The East Midlands Aeropark to the north west corner of the airport has a large number of static aircraft on public display, the majority of which are from British manufacturers. The museum and its exhibits are managed and maintained by the Aeropark Volunteers Association (AVA). It also offers two viewing mounds for watching aircraft arriving and departing from the main runway. AVA Members are allowed free access to the Aeropark. Exhibits include an Aérospatiale Gazelle, a de Havilland Vampire and an English Electric Canberra amongst several others.

==Accidents and incidents==
- On 20 February 1969, Vickers Viscount G-AODG of British Midland Airways was damaged beyond economic repair when it landed short of the runway. There were no casualties.
- On 31 January 1986, Aer Lingus Flight 328, a Short 360, en route from Dublin, struck power lines and crashed short of the runway. None of the 36 passengers and crew died but two passengers were injured in the accident.
- On 18 January 1987, a British Midland Fokker F27 Friendship, on a training flight, crashed on approach to East Midlands Airport due to wing and tail surface icing. There were no fatalities.
- On 8 January 1989, British Midland Flight 92 crashed on approach to East Midlands Airport, killing 47 people. The Boeing 737 aircraft had developed a fan blade failure in one of the two engines while en route from London Heathrow to Belfast and a decision was made to divert to East Midlands. The crew mistakenly shut down the functioning engine, causing the aircraft to lose power and crash on the embankment of the M1 Motorway just short of the runway.
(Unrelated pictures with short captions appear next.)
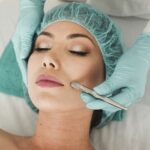 woman receiving facial skincare treatment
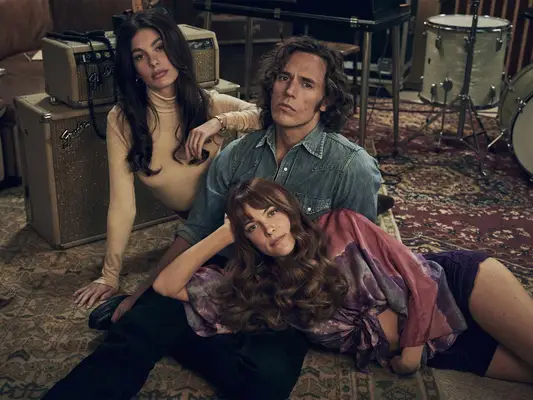 Riley Keough, Sam Claflin, and Camila Morrone in Daisy Jones & The Six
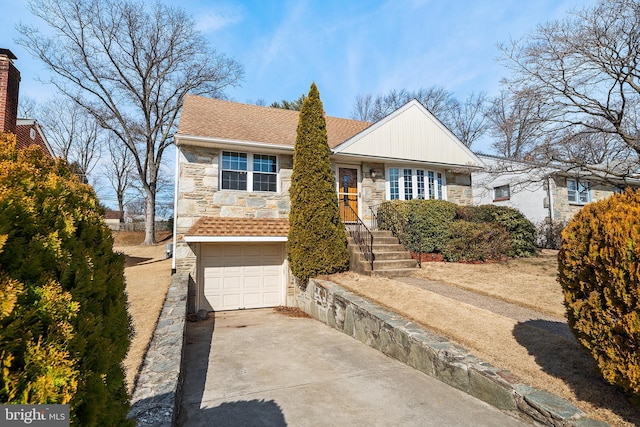 ranch-style house featuring stone siding, roof with shingles, driveway, and an attached garage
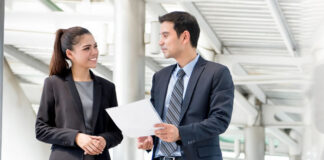 Five Factors Influencing Large IT Companies Buying Small IT Firms businessman and business woman discussing company purchase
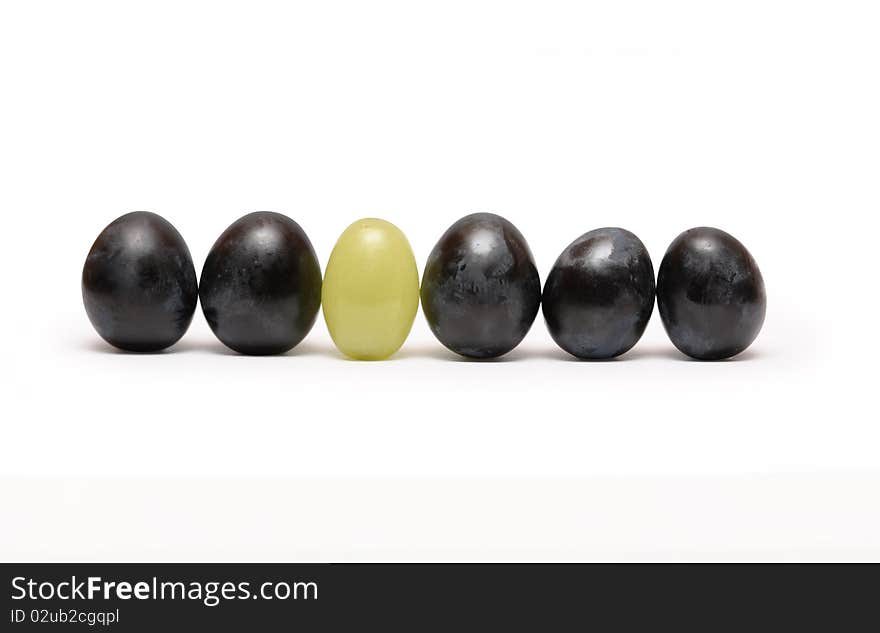 Few red and one green grapes berries standing in a row. Isolated on white background with clipping path. Few red and one green grapes berries standing in a row. Isolated on white background with clipping path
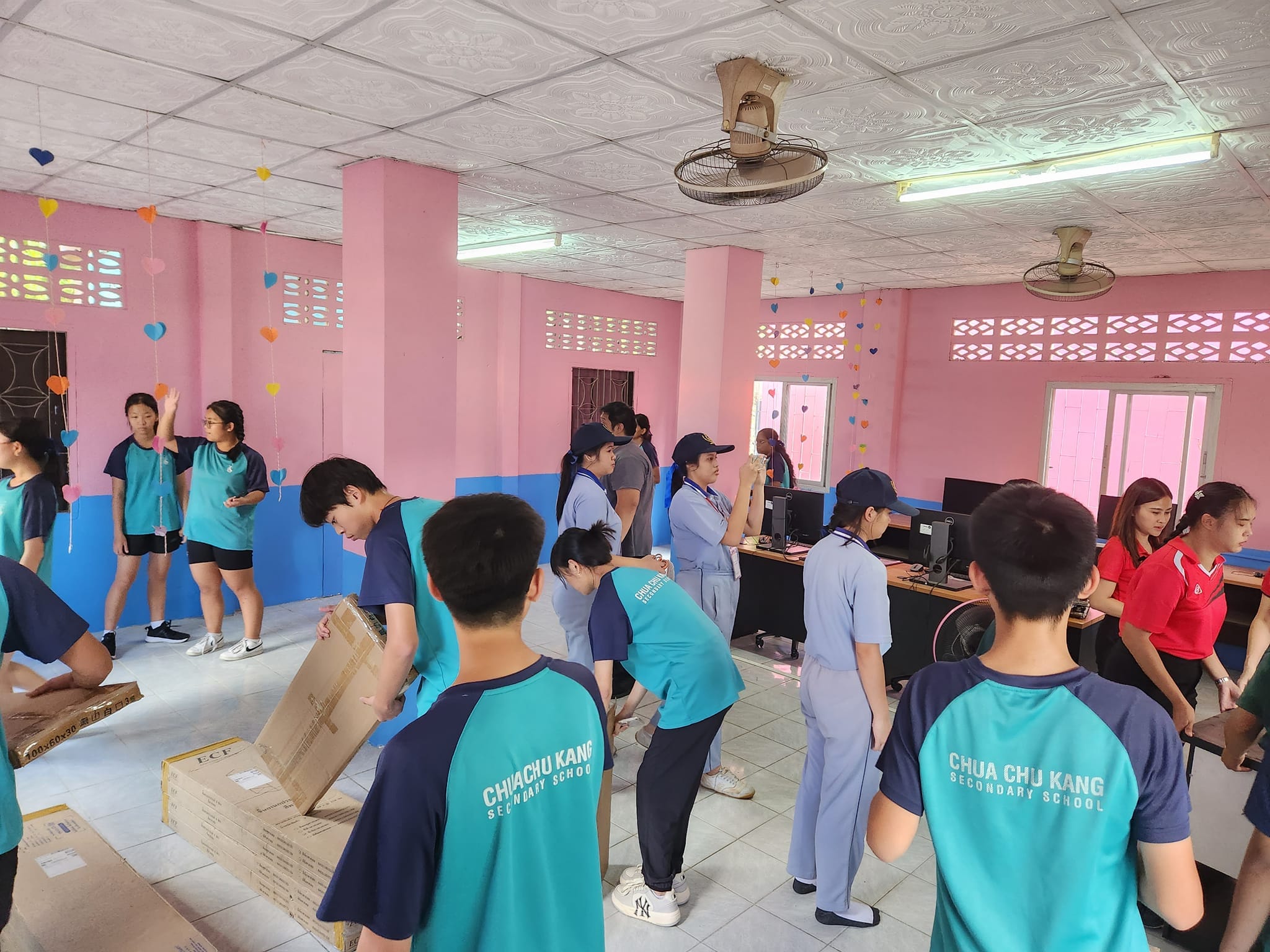 A group of students unpacking furniture.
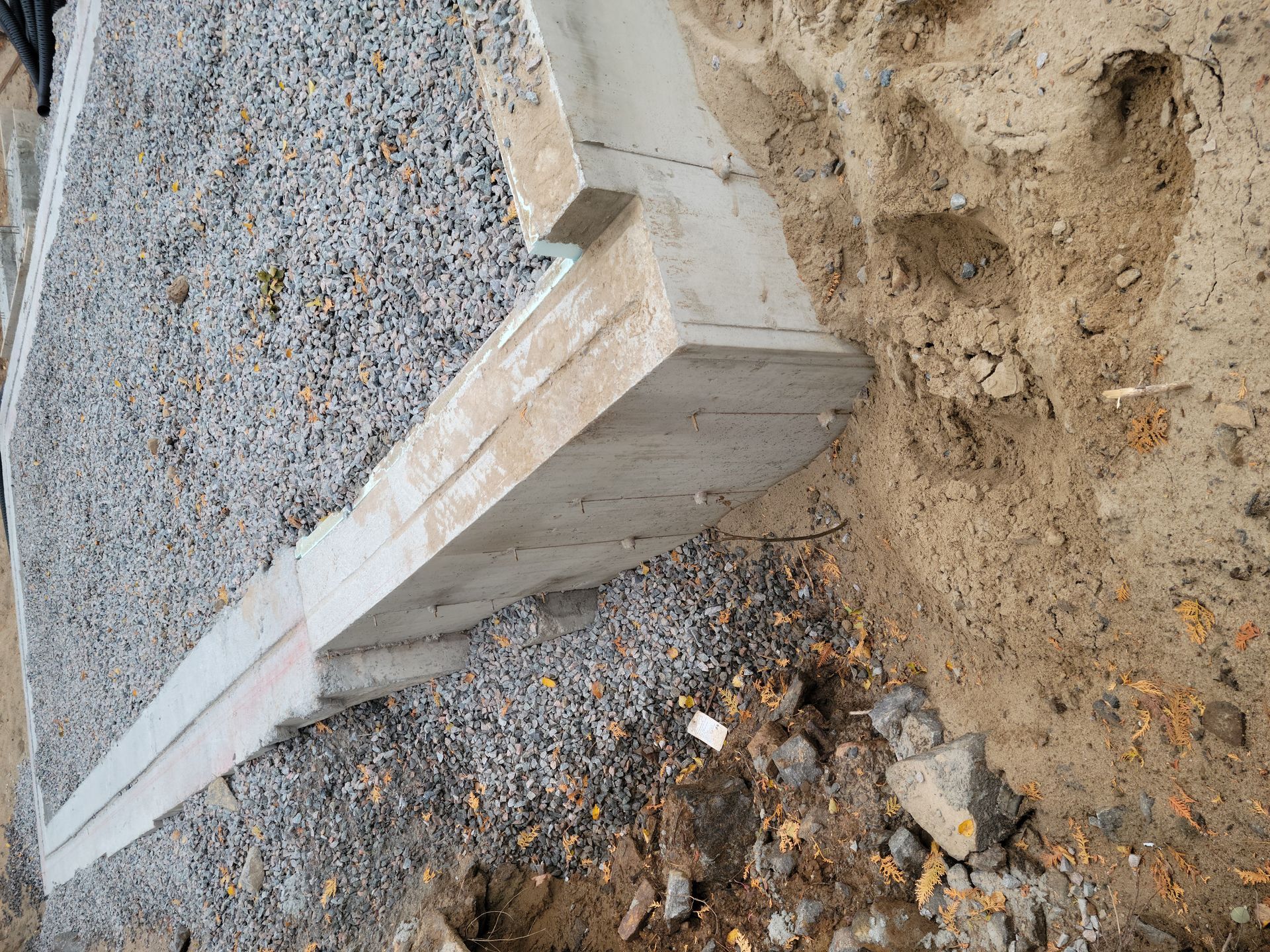 Mur de fondation en béton avec du gravier d'un côté et de la terre de l'autre.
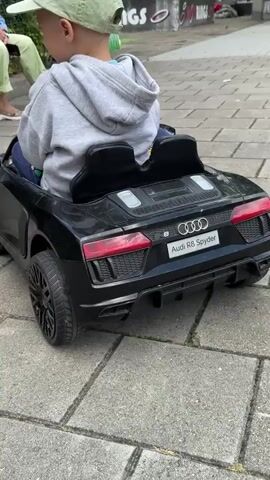 A child wearing a light green baseball cap and a grey hooded sweatshirt is sitting in the driver's seat of a black toy Audi R8 Spyder. The car is parked on a grey cobblestone patio. In the background, an adult wearing a blue striped shirt and green pants is sitting on a wooden bench. The adult is pointing off-camera. The child is holding the steering wheel and looking forward. The car is detailed with red taillights and the Audi logo. The scene appears to be outdoors, with greenery visible behind the bench.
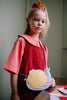 A young girl in a red dress with a large collar stands indoors, wearing a yellow Sticky Lemon Wallet Bag - Snail and a red scrunchie, looking slightly to the side with a neutral expression.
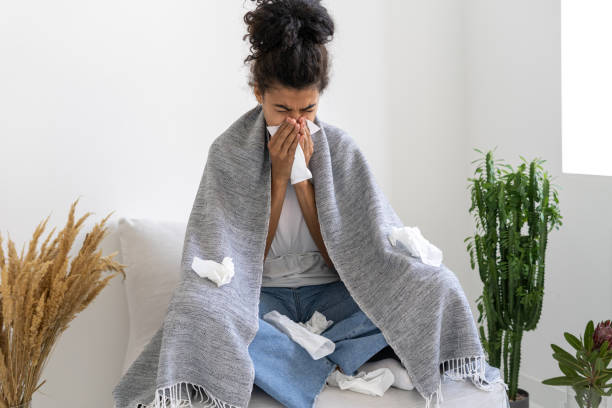 istock Tired afro american lady sneezing in handkerchief 1384248809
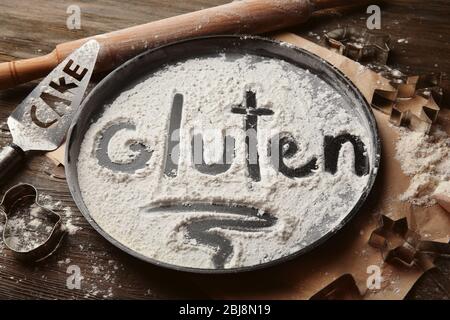 Gluten word written with flour on baking utensil over wooden table Stock Photo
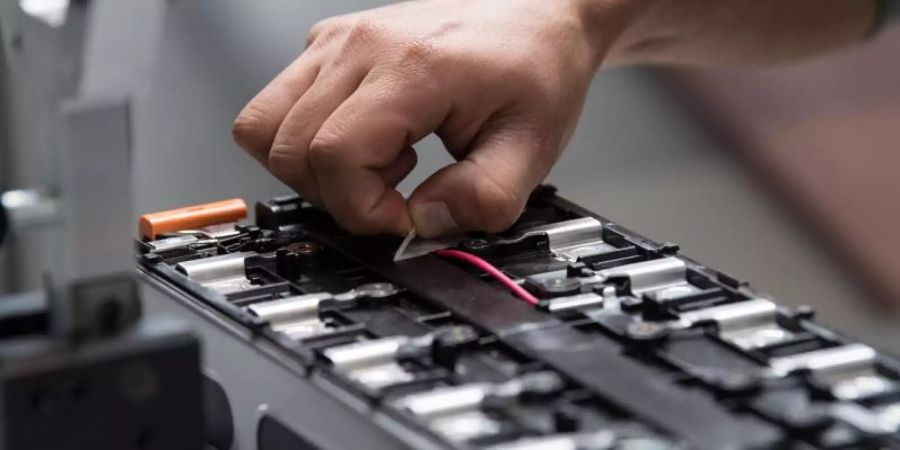 Ein Mitarbeiter arbeitet in der Batteriesystemfabrik von Akasol in Darmstadt an einer unfertigen Batterie. Foto: Fabian Sommer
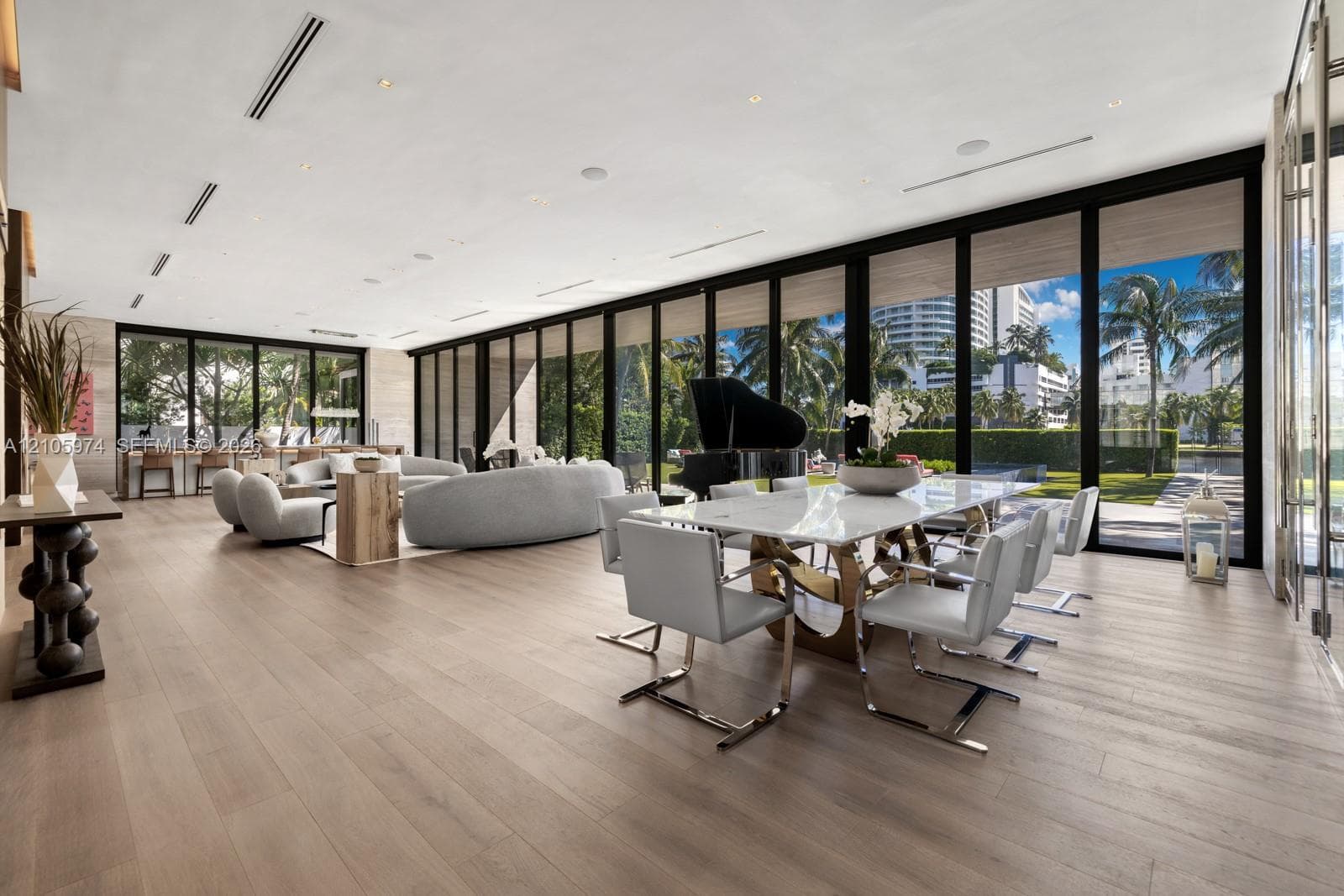 Open-concept living space featuring wood-finish flooring, floor-to-ceiling glass panel walls, recessed linear lighting, and built-in ceiling speakers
No one on the ground was injured and no vehicles were damaged despite the aircraft crashing on the embankment of one of the busiest sections of motorway in the UK. The investigation into the Kegworth air disaster, as the incident became known, led to considerable improvements in aircraft safety and emergency instructions for passengers. The official report into the disaster made 31 safety recommendations.
- On 29 October 2010, in the 2010 cargo plane bomb plot, British police searched a UPS plane at East Midlands Airport but found nothing. Later that day, when a package was found on a plane in Dubai, United Arab Emirates, British officials searched again and found a bomb. The two packages, found on two planes originating in Yemen, contained the powerful high explosive PETN. The UK and the US determined that the plan was to detonate them while in flight. Al-Qaeda in the Arabian Peninsula took responsibility.